HEARING THIS STORY
“It depends what’s happening. I feel it in my body. It feels like usually a lot of tension in my face, in my chest. Often it feels like I can’t draw a full breath.” Laura describes. ”There’s a like a rock somewhere in my diaphragm. It’s muscular tension; feels like a rock. I’m conscious that I’m just not breathing. And I teach people to do this for a living you know.”
About 2 years ago, Laura left her abusive marriage. Her decision meant defying her ex-husband and abuser, making herself more vulnerable to his anger, forsaking financial security and a reliable place to live. Since she left, she has been staying with friends because she cannot afford an apartment. She’s had to take out a restraining order against her abuser for stalking her. These conditions have introduced her to a new battle – one against post-traumatic stress disorder and depression. Her trauma can make it unbearable to get up in the morning, maintain relationships, and be in loud and crowded spaces.
I only knew some details about Laura’s experience with trauma going into our coffee date. I didn’t know that she had asked us to meet at 3 pm on a weekday because that is when Cocoa Cinnamon is the least crowded. I didn’t know that she chose our seats in the corner so that she could have her back against the wall and see all sudden movements.
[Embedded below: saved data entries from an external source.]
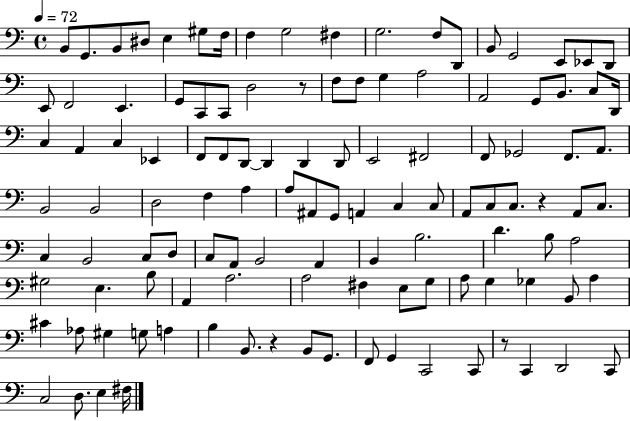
B2/e G2/e. B2/e D#3/e E3/q G#3/e F3/s F3/q G3/h F#3/q G3/h. F3/e D2/e B2/e G2/h E2/e Eb2/e D2/e E2/e F2/h E2/q. G2/e C2/e C2/e D3/h R/e F3/e F3/e G3/q A3/h A2/h G2/e B2/e. C3/e D2/s C3/q A2/q C3/q Eb2/q F2/e F2/e D2/e D2/q D2/q D2/e E2/h F#2/h F2/e Gb2/h F2/e. A2/e. B2/h B2/h D3/h F3/q A3/q A3/e A#2/e G2/e A2/q C3/q C3/e A2/e C3/e C3/e. R/q A2/e C3/e. C3/q B2/h C3/e D3/e C3/e A2/e B2/h A2/q B2/q B3/h. D4/q. B3/e A3/h G#3/h E3/q. B3/e A2/q A3/h. A3/h F#3/q E3/e G3/e A3/e G3/q Gb3/q B2/e A3/q C#4/q Ab3/e G#3/q G3/e A3/q B3/q B2/e. R/q B2/e G2/e. F2/e G2/q C2/h C2/e R/e C2/q D2/h C2/e C3/h D3/e. E3/q F#3/s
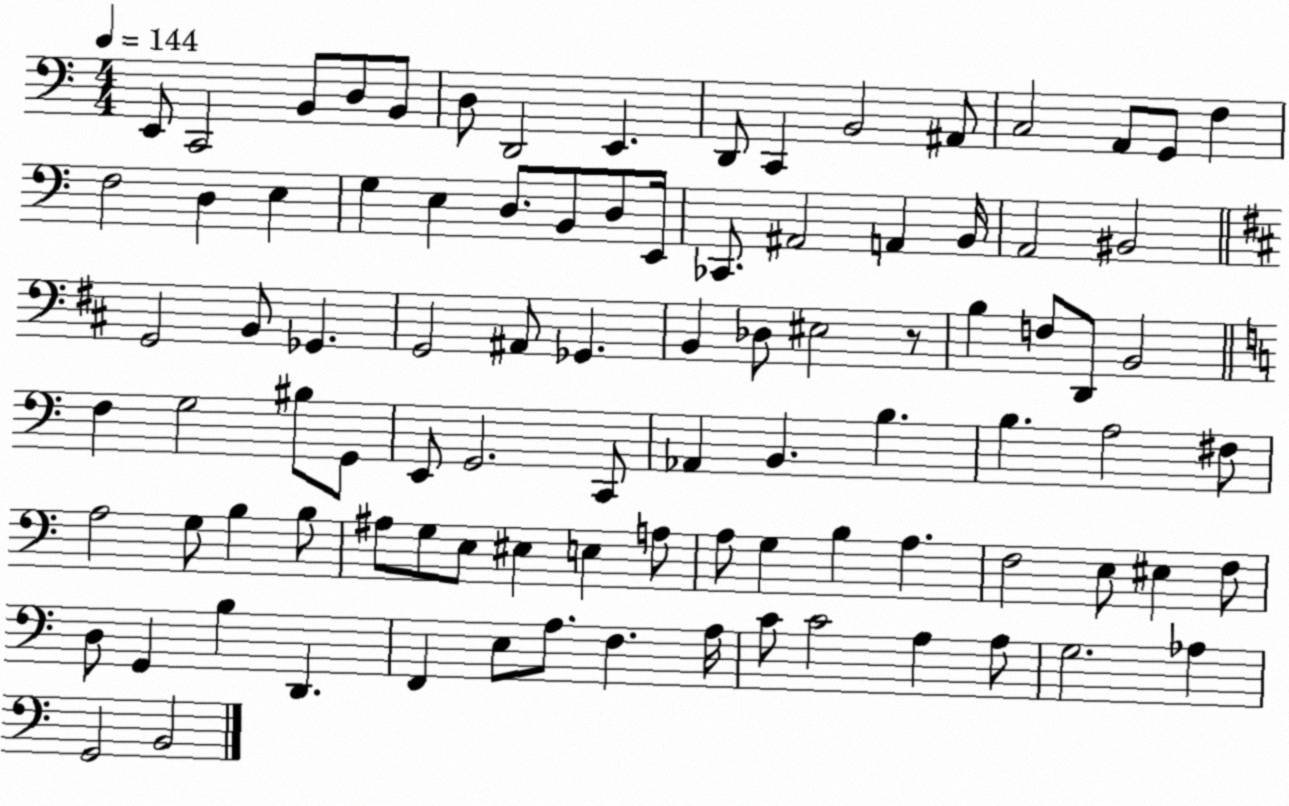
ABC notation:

X:1
T:Untitled
M:4/4
L:1/4
K:C
E,,/2 C,,2 B,,/2 D,/2 B,,/2 D,/2 D,,2 E,, D,,/2 C,, B,,2 ^A,,/2 C,2 A,,/2 G,,/2 F, F,2 D, E, G, E, D,/2 B,,/2 D,/2 E,,/4 _C,,/2 ^A,,2 A,, B,,/4 A,,2 ^B,,2 G,,2 B,,/2 _G,, G,,2 ^A,,/2 _G,, B,, _D,/2 ^E,2 z/2 B, F,/2 D,,/2 B,,2 F, G,2 ^B,/2 G,,/2 E,,/2 G,,2 C,,/2 _A,, B,, B, B, A,2 ^F,/2 A,2 G,/2 B, B,/2 ^A,/2 G,/2 E,/2 ^E, E, A,/2 A,/2 G, B, A, F,2 E,/2 ^E, F,/2 D,/2 G,, B, D,, F,, E,/2 A,/2 F, A,/4 C/2 C2 A, A,/2 G,2 _A, G,,2 B,,2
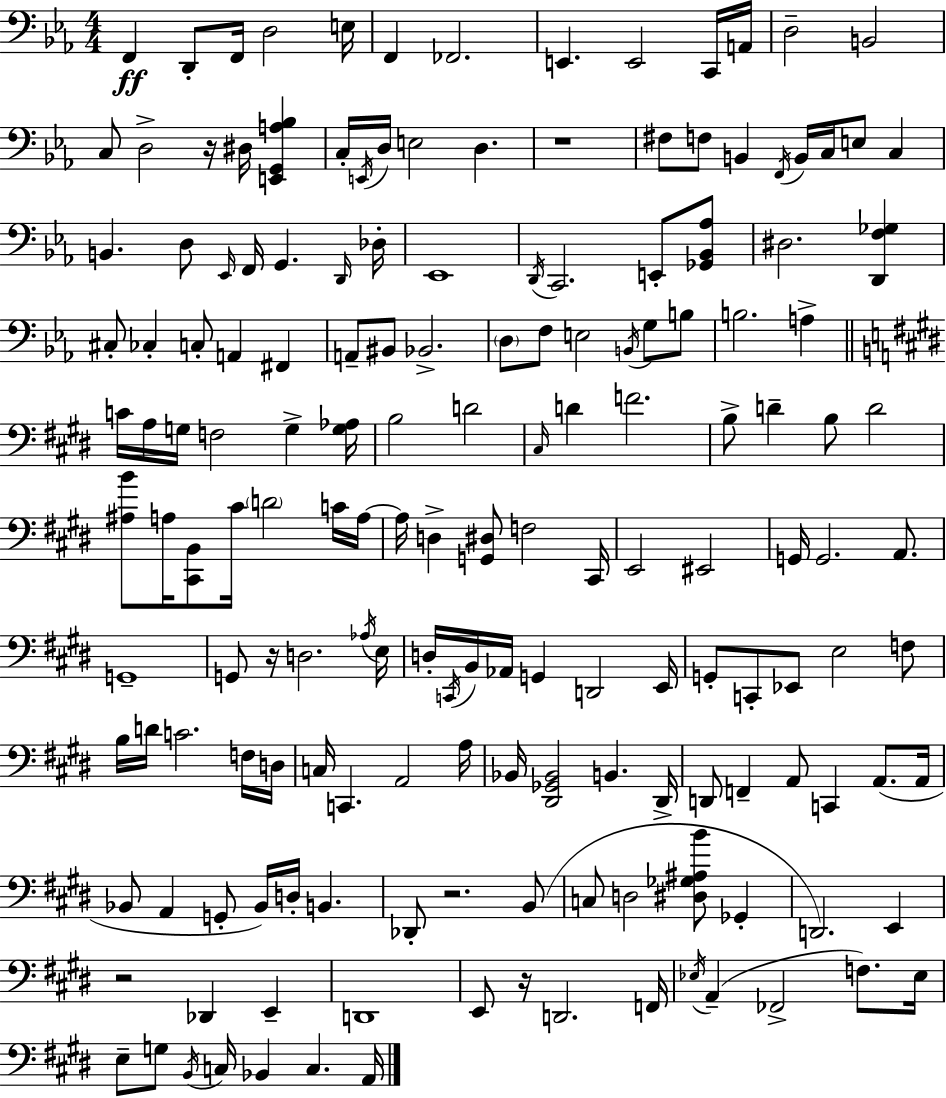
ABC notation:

X:1
T:Untitled
M:4/4
L:1/4
K:Cm
F,, D,,/2 F,,/4 D,2 E,/4 F,, _F,,2 E,, E,,2 C,,/4 A,,/4 D,2 B,,2 C,/2 D,2 z/4 ^D,/4 [E,,G,,A,_B,] C,/4 E,,/4 D,/4 E,2 D, z4 ^F,/2 F,/2 B,, F,,/4 B,,/4 C,/4 E,/2 C, B,, D,/2 _E,,/4 F,,/4 G,, D,,/4 _D,/4 _E,,4 D,,/4 C,,2 E,,/2 [_G,,_B,,_A,]/2 ^D,2 [D,,F,_G,] ^C,/2 _C, C,/2 A,, ^F,, A,,/2 ^B,,/2 _B,,2 D,/2 F,/2 E,2 B,,/4 G,/2 B,/2 B,2 A, C/4 A,/4 G,/4 F,2 G, [G,_A,]/4 B,2 D2 ^C,/4 D F2 B,/2 D B,/2 D2 [^A,B]/2 A,/4 [^C,,B,,]/2 ^C/4 D2 C/4 A,/4 A,/4 D, [G,,^D,]/2 F,2 ^C,,/4 E,,2 ^E,,2 G,,/4 G,,2 A,,/2 G,,4 G,,/2 z/4 D,2 _A,/4 E,/4 D,/4 C,,/4 B,,/4 _A,,/4 G,, D,,2 E,,/4 G,,/2 C,,/2 _E,,/2 E,2 F,/2 B,/4 D/4 C2 F,/4 D,/4 C,/4 C,, A,,2 A,/4 _B,,/4 [^D,,_G,,_B,,]2 B,, ^D,,/4 D,,/2 F,, A,,/2 C,, A,,/2 A,,/4 _B,,/2 A,, G,,/2 _B,,/4 D,/4 B,, _D,,/2 z2 B,,/2 C,/2 D,2 [^D,_G,^A,B]/2 _G,, D,,2 E,, z2 _D,, E,, D,,4 E,,/2 z/4 D,,2 F,,/4 _E,/4 A,, _F,,2 F,/2 _E,/4 E,/2 G,/2 B,,/4 C,/4 _B,, C, A,,/4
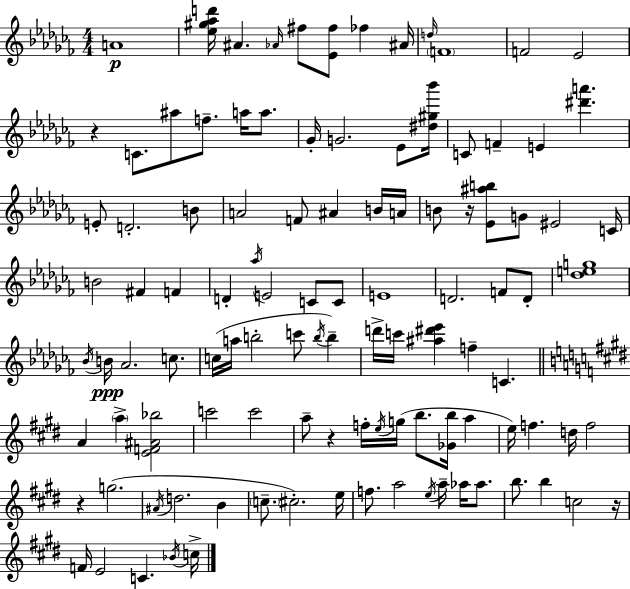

“It’s hard to understand when you’re fairly neurotypical,” Laura told me. “You feel like you have to be on high alert all the time… And no amount of understanding that you are safe can undo that for now.”
Before we sat down to talk, I didn’t know that sometimes, she can’t lift herself off of her bed, much less lift her head high when she meets someone new.
The trauma cripples Laura mentally and emotionally, telling her she isn’t good enough or strong enough to take on the simplest tasks. It’s also manifested physically; her muscles tense up and she experiences symptoms of panic and anxiety.
During the production of this video, and as I got to know Laura better, I grew in awe of how she sets aside her fears and discomfort to teach yoga, knowing that it will provide healing for others and for herself.
MAKING THIS VIDEO
Laura and I met up quite a few times after that first meeting at Cocoa Cinnamon. Before we did any filming, we sat down for an audio interview. We talked first about the boundaries of our conversation. I didn’t want her to feel pressured into going back to any dark places. She was wonderfully open and shared the depths of her reality with me.
I’m grateful that she trusted me with that vulnerability, especially since I was just starting out at StoryDriven. This would be the first video I ever shot and produced. I had no trouble interviewing and even had some experience editing, but before this project, I had gotten my hands on a DSLR video cameras less than a handful of times.
So on the first day of filming at Laura’s Yoga for Veterans class at the VA Hospital, I was far out of my comfort zone. I had visited the Yoga for Veterans class once without any equipment to introduce myself, get to know the space, and make sure the video project was okay with everyone. I had practiced using the camera around our office, but when it was time to set up the monopod, adjust settings, and press record, I was not ready.
The camera felt 10 pounds heavier and the detailed shot list I had carefully prepared was suddenly undecipherable. Because this was a class for trauma survivors, I was tiptoeing around everyone, afraid of getting too close for their comfort and triggering traumatic experiences. I wandered around the room aimlessly, cut too many shots way too early, and ended up coming back with little scope variety in my clips. Basically, I did the opposite of what everyone had taught me.
I felt defeated when I watched the footage that I had gathered that day. The visuals and the purpose of the shots were dark and fuzzy. I couldn’t visualize how this project would come together.
The following week, I met Laura before her 9:00 am class at the Durham Yoga Center to film her private morning routine, and that experience was much better. I felt proud of the footage that I had been able to gather in a more controlled environment — but only to return to the VA the next day and feel overwhelmed all over again.
I wanted to create a good video product for Laura; one that could empower her and her students by highlighting her work. But I was letting my insecurity and fear of failure get in the way of a successful outcome. I just needed to move past my hesitation and kick those beginner’s jitters to the curb.
This process has taught me that being a successful visual storyteller requires setting aside equivocations. I told myself: “I don’t know how to use this camera,” and “I shouldn’t disturb anyone.” In fact, I had been taught how to use the camera, and I had gotten permission from everyone in the class. Of course, I needed (and still need) so much more practice shooting and was right to be mindful of the nuance of working with trauma survivors. Still, I ignored the importance of trust in myself and in others to decide they want their story told. That trust makes for a more empowering experience for everyone involved.
For those of you just starting out in video production, maybe you know what I mean. But it’s much easier said than done. I’m starting a new project this week that requires a good chunk of filming, so it’s time to put this lesson into practice.